07 septiembre 2015

La Marcha Negra llega a Madrid

La Marcha Negra llega a Madrid
Cientos de trabajadores y trabajadoras de las Brigadas de Refuerzo de Incendios Forestales (BRIF) se manifestaron en la noche de este sábado por las calles de Madrid, en la denominada Marcha Negra, trasmás de un mes en huelga por el conflicto laboral que mantienen con la empresa pública TRAGSA y con él Ministerio de Agricultura, Alimentación y Medio Ambiente, y que afecta a más de 35.000 trabajadores y trabajadoras.

Las BRIF siguen reclamando el reconocimiento de la categoría profesional de Bombero Forestal, una segunda actividad -para las y los trabajadores que por edad o por lesión:
no puedan continuar en primera línea de fuego, debido al desgaste y a la gran carga física que requiere su profesión- y unas condiciones laborales y económicas dignas -ahora cobran el salario más bajo del convenio Tragsa y muchos meses no llegan ni a los 900 euros en plena campaña de extinción-.

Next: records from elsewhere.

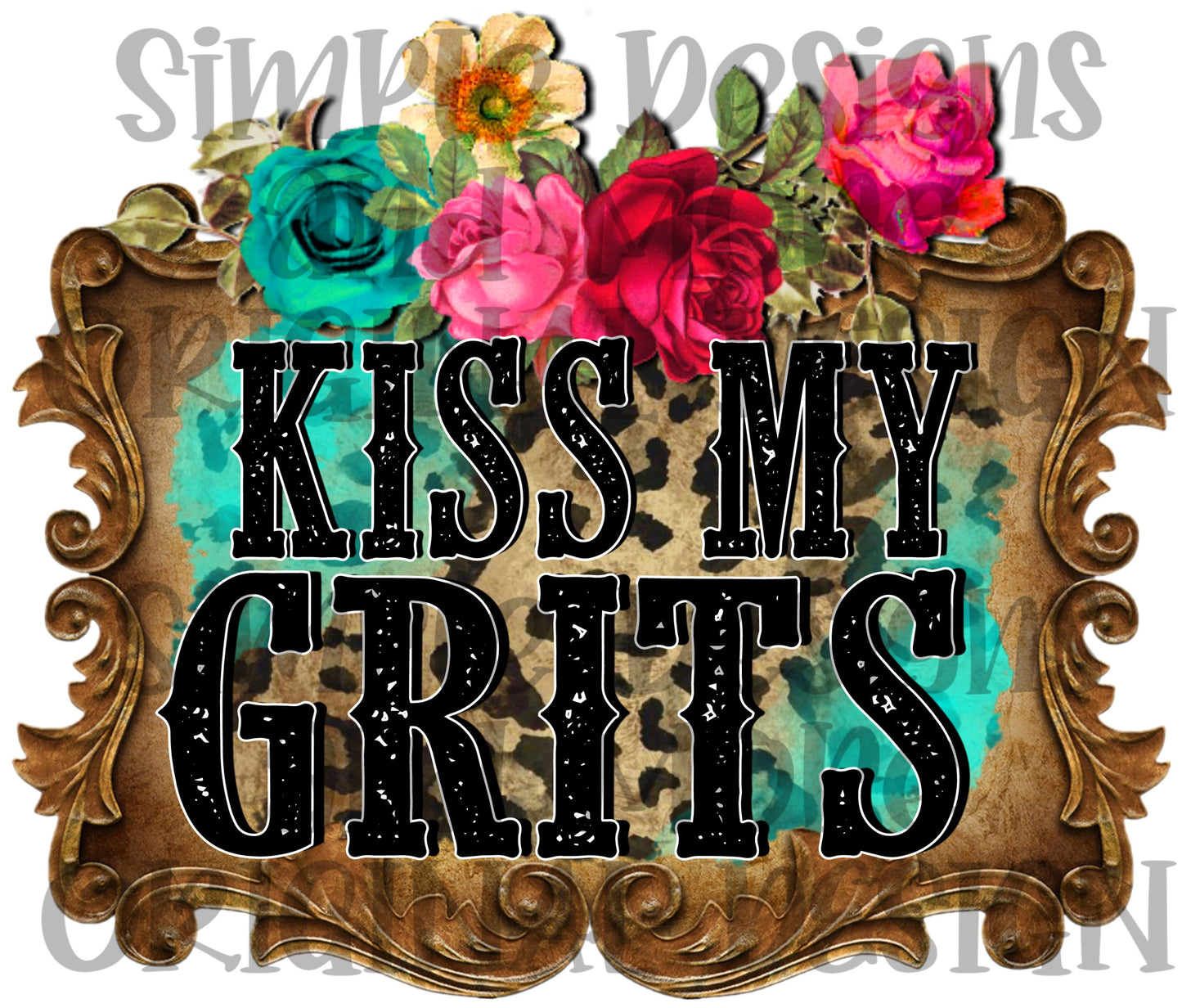 Kiss My Grits Stickers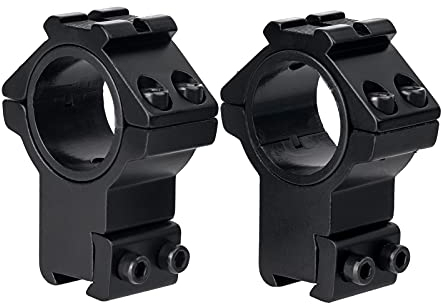 FOCUHUNTER Haut Profil 1 Anneaux Scope Montage - 30mm/25.4mm Lunette de Visee Montage Adapter Picatinny Rail (11mm)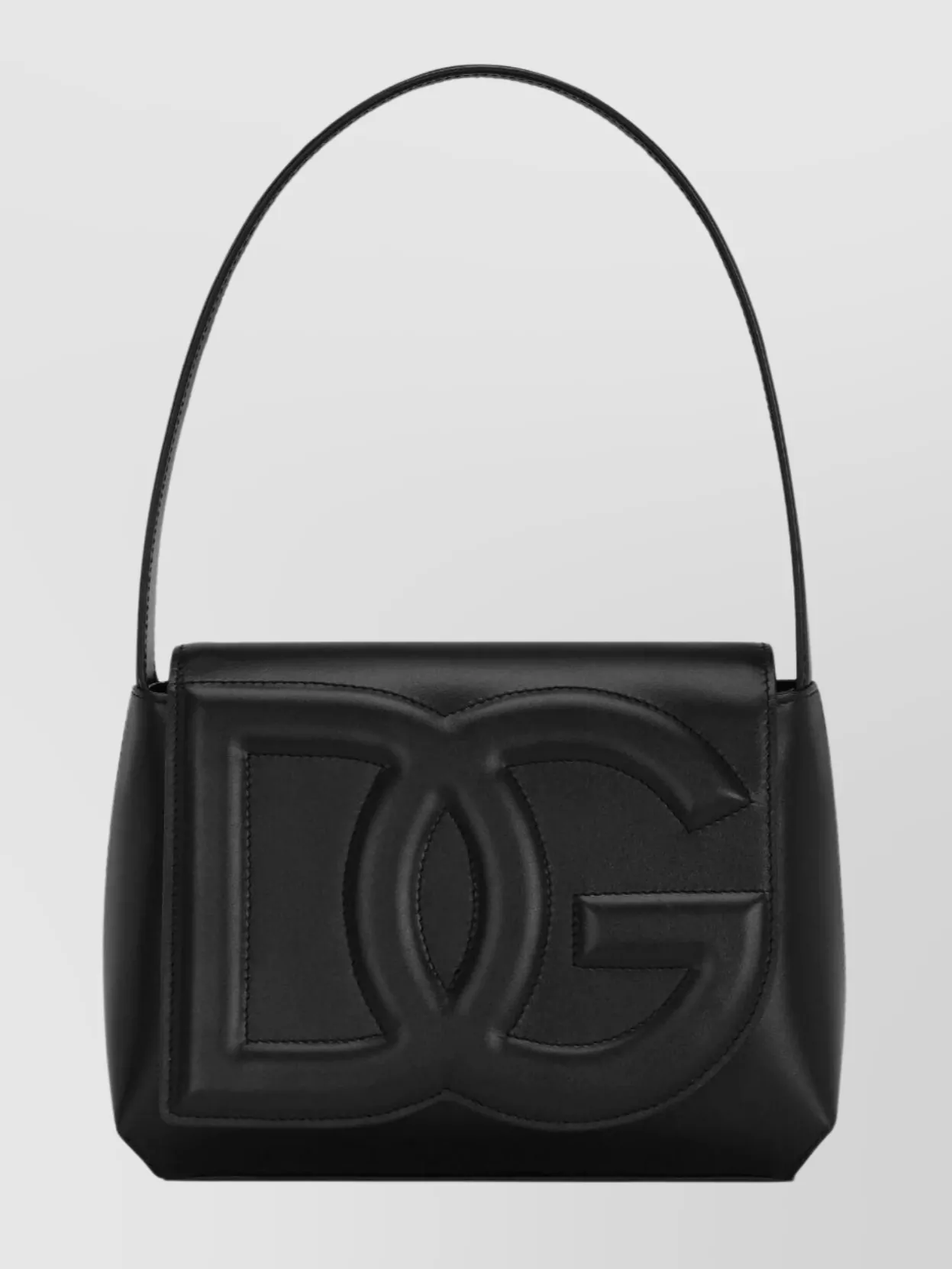 Shop Dolce & Gabbana Signature Logo Shoulder Bag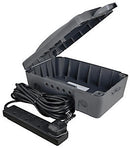 Masterplug Weatherproof Electric Box For Outdoors Four Socket 10 Metre Extension Lead Dark Grey
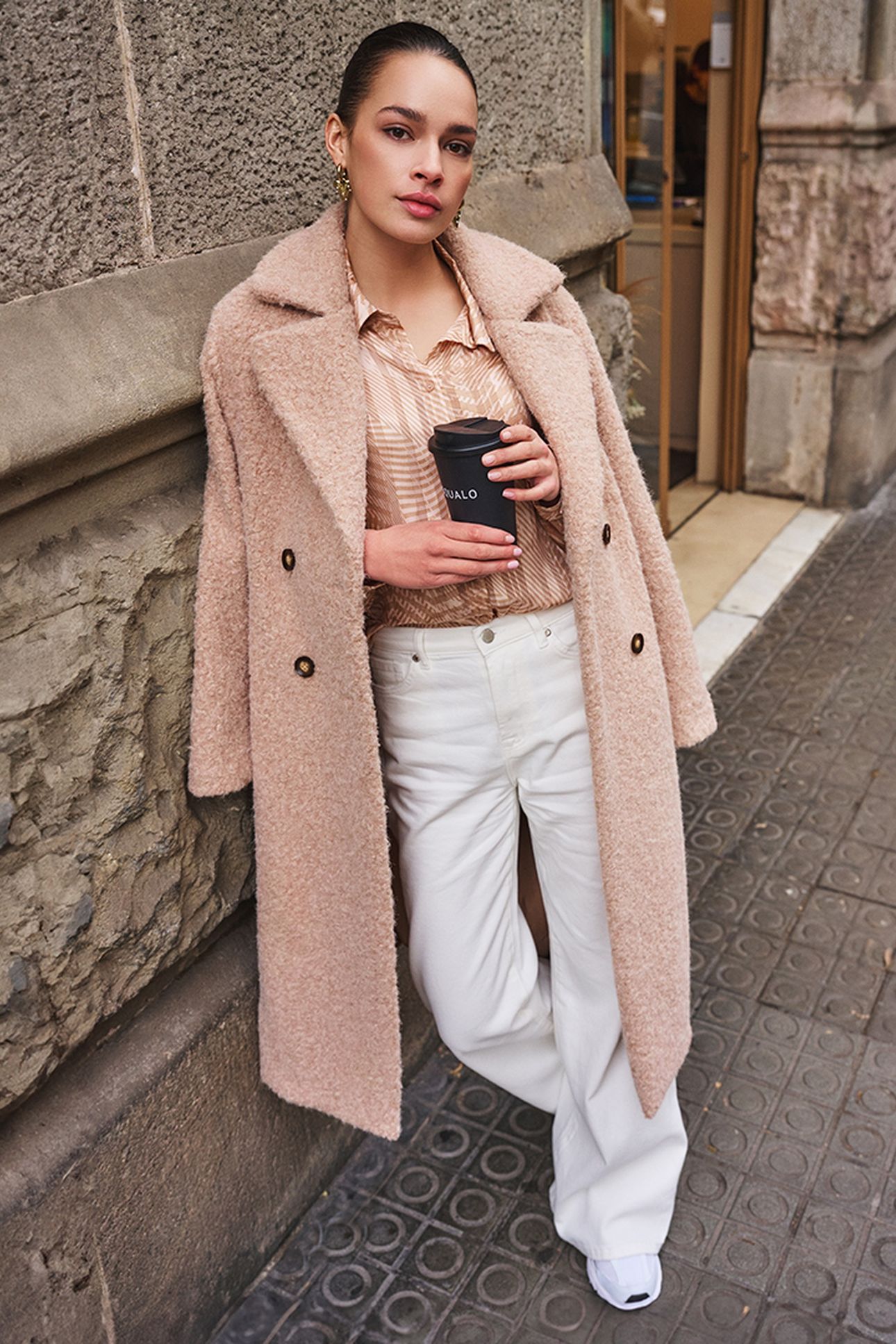 COAT BOUCLE SAND 9
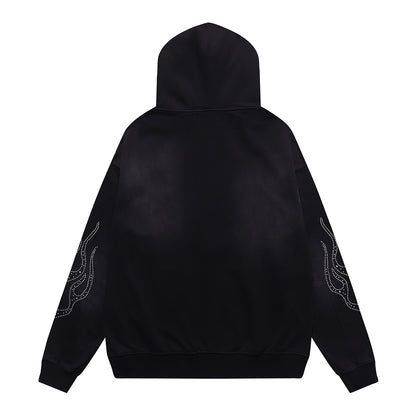 Majestik Football Dog Rhinestone Fleece Hoodie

Llegados desde todas las bases -Daroca, Lubia, Tabuyo, Tineo, Laza…- distribuidas en distintos territorios, y acompañados por familiares, amigos y miembros de otros colectivos sociales y políticos, las y los trabajadores de las BRIF marcharon por las calles de Madrid vestidos con sus monos ignífugos y sus herramientas de trabajo, como el batefuegos -herramienta de goma y un mango metálico utilizado para sofocar las llamas eliminando el oxígeno de la combustión-.

La Marcha Negra estaba convocada a las 20.00 horas en la plaza Neptuno. Minutos antes ya comenzaban a llegar brigadistas de todas las bases. Media hora después arrancó rumbo al Ministerio de Agricultura y Medio Ambiente. Durante la protesta, las y los miembros de las BRIF utilizaron los batefuegos, que los golpeaban de forma coordinada contra el suelo para hacer ruido y llamar la atención, y se tiraron varias veces cuerpo a tierra simulando la descarga de agua de hidroaviones.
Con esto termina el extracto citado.